Janjua was born to Shahida and Islam Akhtar Zubari in Mardan, a city in the Khyber Pakhtunkhwa province of Pakistan.

Education 

She started her early education at Presentation Convent High School Risalpur (a town and air force base near Mardan) where she studied until tenth grade. After passing her matriculation, she joined Nisar Shaheed College, in Risalpur. After two years of study in Nisar Shaheed College she joined F.G College for Women, Rawalpindi from where she passed her BA exams with English literature, Persian and Fine arts as majors. As described by her in an interview, she used to draw and paint on everything she could lay her hand on since early childhood. This talent of painting led her to Punjab University from where she got master's degree in Fine Arts securing second position and was awarded a silver medal. After receiving her master's degree, Pakistan's renowned painters Mansoor Rahi and Hajira Mansoor mentored and played a vital role in polishing her painting skills.

Career in Arts 

As an artist, her favored medium is oil and acrylic paints. Most of her paintings reflect an inclination towards expressionism and romanticism. Portraits and life drawings are amongst her favorite genres to paint. Her work had been exhibited.

Marital life 

She is married to Masood Ahmed Janjua who belongs to a military family. Her father in law, Lieutenant Colonel (R) Raja Ali Muhammad and two elder brothers-in-law have served the Pakistan Army and Pakistan Air Force. She has two sons and one daughter.

Husband's disappearance 

Her husband, Masood Ahmed janjua, who was a successful business man and ran multiple business concerns, left home to go to Peshawar on 30 July 2005 along with his friend Faisal Faraz. He never returned home nor reached his destination. Initially, his mysterious disappearance could not be accounted for but later with certain evidence convinced her that he had been picked up by an intelligence agency of the country. It was further established through the statement of one Dr. Imran Munir, who remained in the custody of military, court martialled and later released on by the orders of Supreme Court of Pakistan. In an official statement given to the government functionaries, Dr. Imran Munir testified that he has seen and met Masood Ahmed Janjua in a secret detention centre.
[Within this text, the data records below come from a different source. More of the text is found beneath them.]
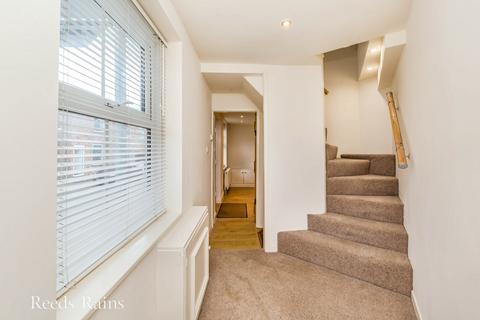75 Bridge Street, Macclesfield, SK11 6PZ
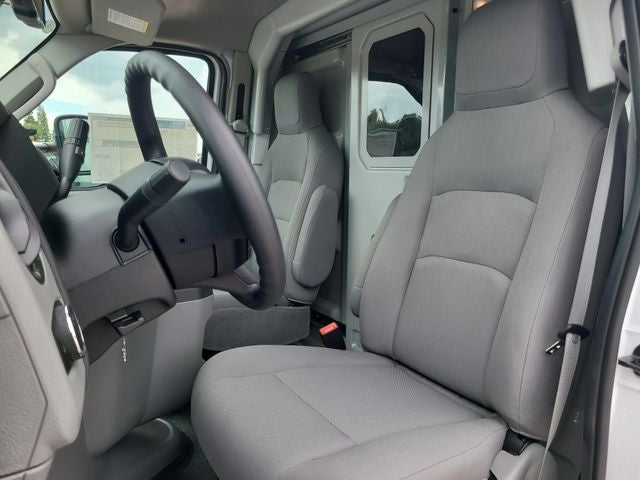 2027 Ford E-350SD Base Cutaway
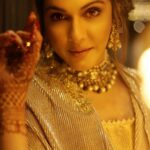 Isha Koppikar Instagram - Glammed up for the premier of LOVE YOU LOKTANTRA. I am so excited for you to go watch this political satire in theatres now! 🎥 Make up by @makeupbypoojabathija Hair by @shab_qureshi786 Outfit by @bhairavijaikishan Jewelry by @jet_gems Video by @shaurya_bajpai Managed by @dipalijoshi01 and @vkcelebrities @zurichmediahouse #ishakoppikar #loveyouloktantra #newrelease #movie #gowatch #theatre #bollywoodmovie #movies
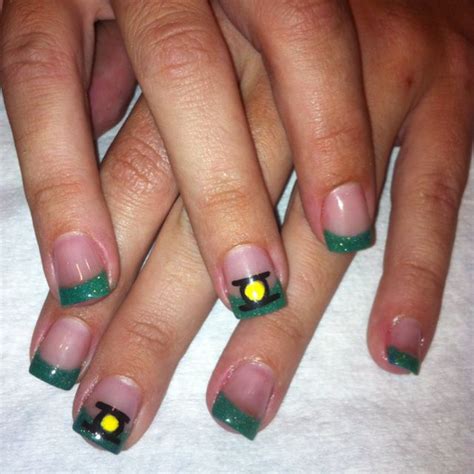 green lantern nails  heather  savain salon spa nail art nails
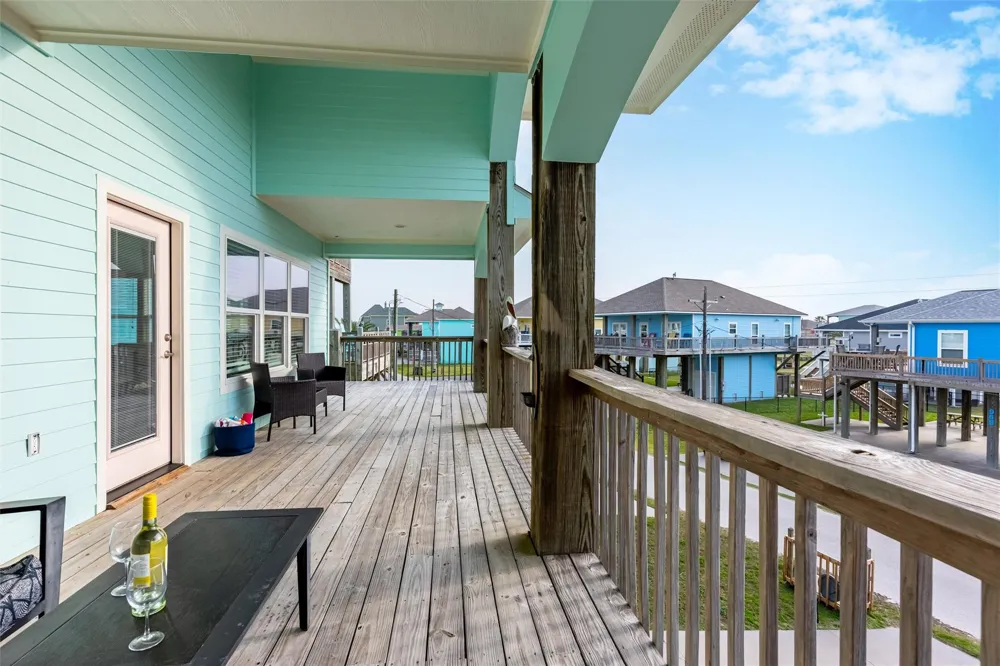 972 S Redfish Crystal Beach, TX 77650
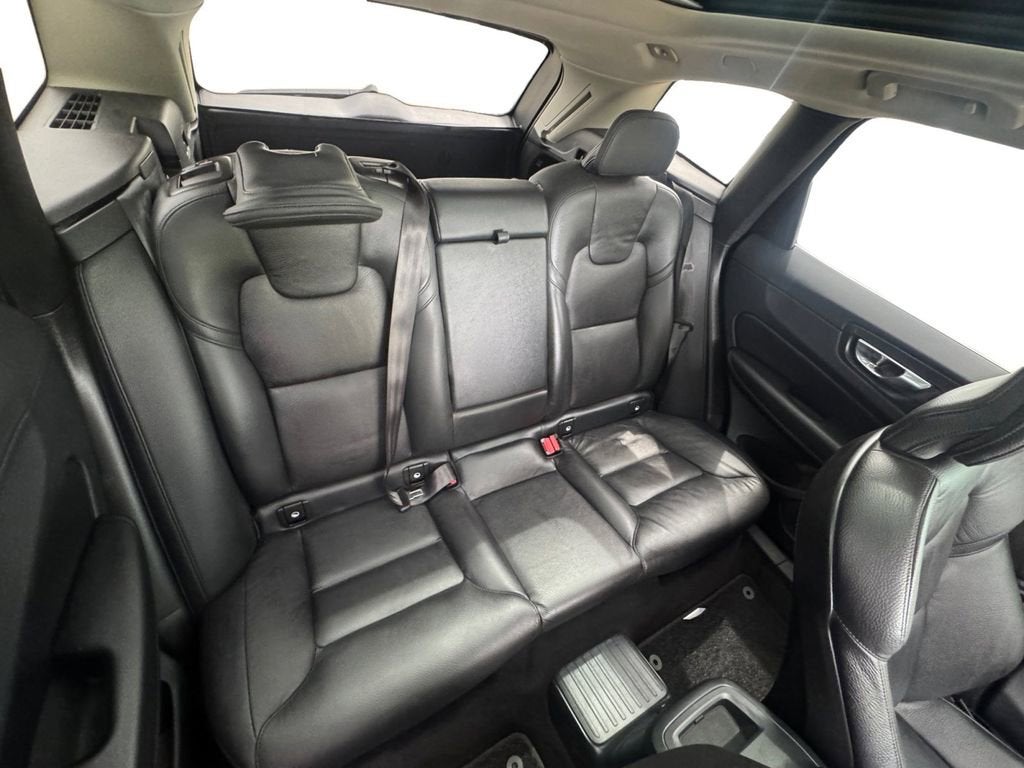 2023 Volvo XC60 Recharge Plug-In Hybrid T8 Plus Bright Theme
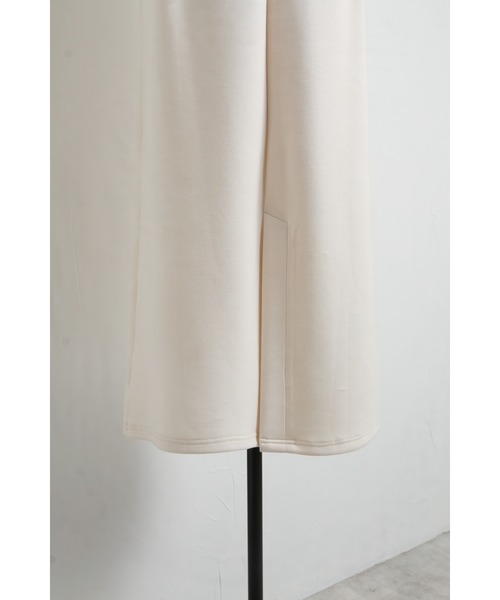 &. NOSTALGIA(アンドドットノスタルジア)の「【yuumiさんコラボ】ダンボールポンチタックワンピース(ワンピース・レディース・アイボリー/ダークネイビー・FREE)」の22枚目の写真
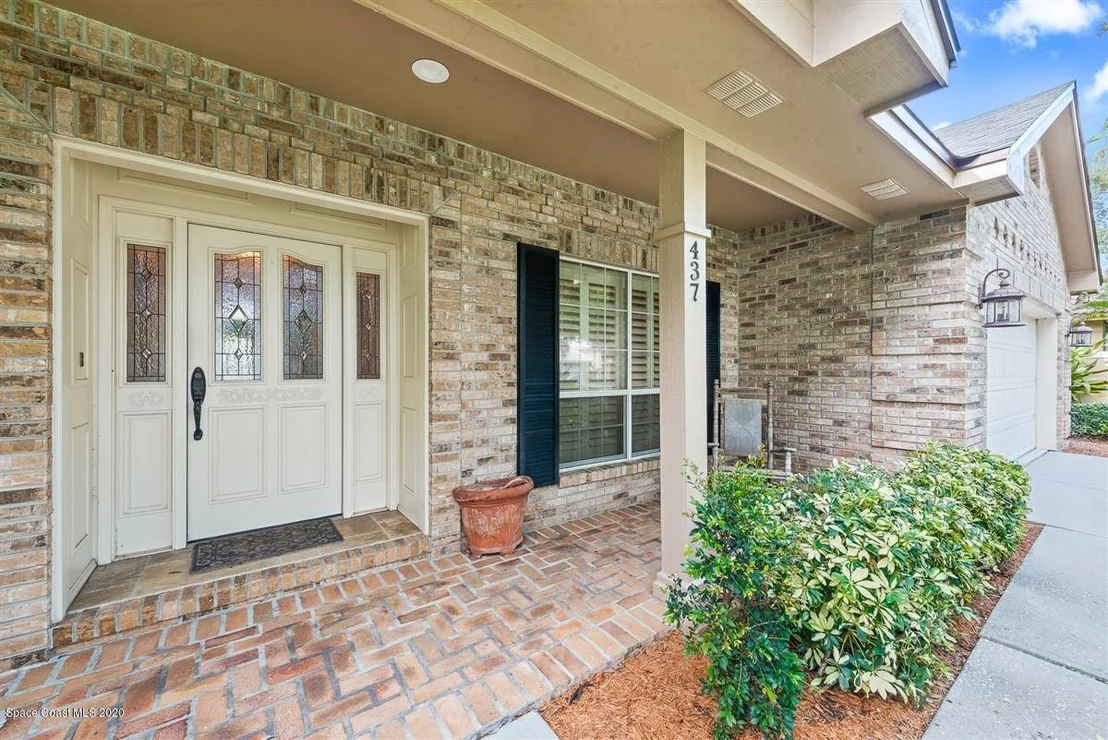 Photo of 437 Oriole Lane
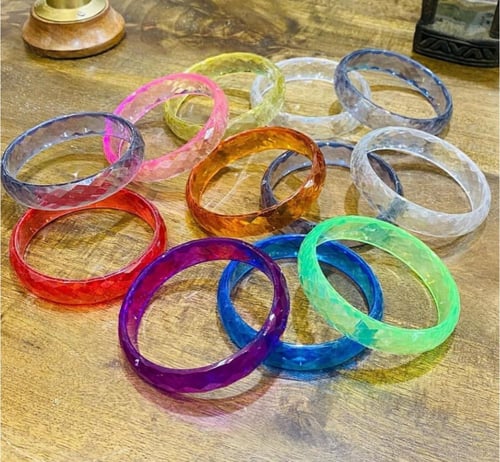 من البنود المميزة؛ أساور بلاستيك قديمة ؛ كانت من ه...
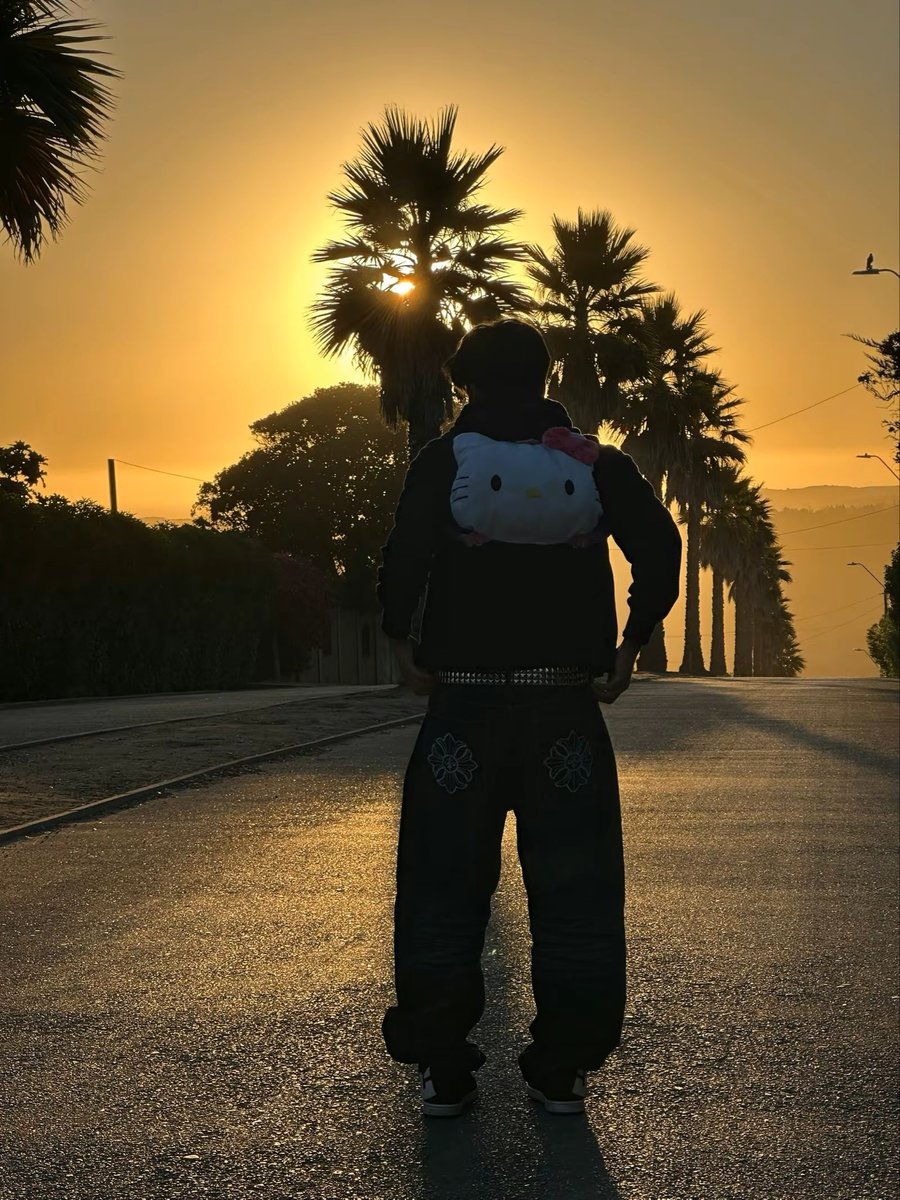 Notyourbadboyz's tweet photo. 🐈‍⬛ https://t.co/AeXPhfLdtE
Her response to Masood's disappearance 

Amina states that she was devastated by the disappearance of her husband and found herself disoriented for many months while desperately taking random measures to trace her husband. Police was of no help and even did not register a case. She started to approach different power figures. She wrote letters to anyone who she thought could help, including Gen Pervez Musharraf, an Army Chief and President of Pakistan, at that time. All her efforts turned out to be futile as no one helped her.

Activism

Formation of DHR - right's group 

Early in her struggle she discovered that countless other people are victims of enforced disappearance but do not have a remedy for their malady. Victim families were forced to remain silent for fear of persecution under military rule. She started campaigning among the victims' families, co-founding the activist group named Defense of Human Rights alongside Abdul Rashid Ghazi and Khalid Khawaja. Under the banner of Defense of Human Rights, she organized her activities to trace not only her husband but all the others who had disappeared. After disappointment from all quarters, she got out of her home and staged her first road protest on 4 September 2006. This first protest was not the last because she continued this protest on daily basis for next two months.

First breakthrough 

After two months of protesting,  it was on 9 Oct 2006 that proceedings of Suo Motu case of Masood Janjua along with some other missing persons started in Supreme Court of Pakistan. Her campaigning brought results and by the end of 2006, DHR had registered and submitted one hundred cases of disappearances in the Supreme Court.

Suppression of missing people's families 

On 28 Dec 2006 in a bid to deliver a letter at GHQ gate Amina was set on marching along with her kids and other families. But the authorities subjected them to a brutal crackdown in front of Flashman's hotel, Rawalpindi. Children of Amina Masood Janjua were particularly targeted. Ali, 14, and Muhammad, 15, were beaten mercilessly and her 9-year-old daughter fainted. Muhammad was carried away forcefully by police.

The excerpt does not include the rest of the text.